The answer consists solely of the lines running from the one with "Pangea Images, Lion" through the final line below, transcribed exactly and without any pictures.
*** Opening of Dataset section ***
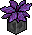 Plantinha Florescente
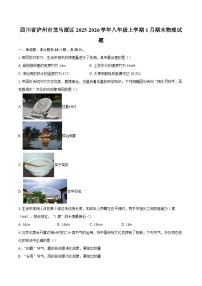 四川省泸州市龙马潭区2025-2026学年八年级上学期1月期末物理试题-自定义类型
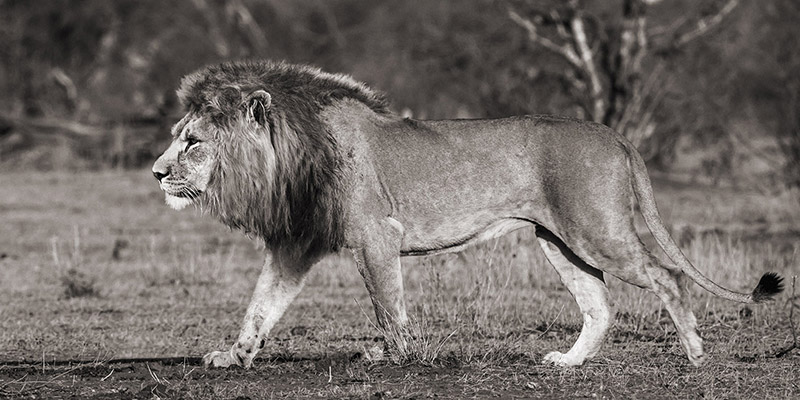 Pangea Images, Lion walking in African Savannah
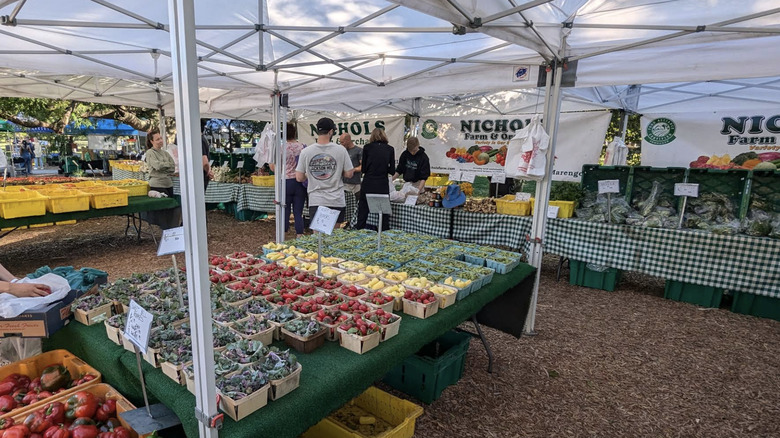 Market day at the Green City Farmers Market in Lincoln Park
*** Close of Dataset section ***
_Response below_
 Pangea Images, Lion walking in African Savannah
 Market day at the Green City Farmers Market in Lincoln Park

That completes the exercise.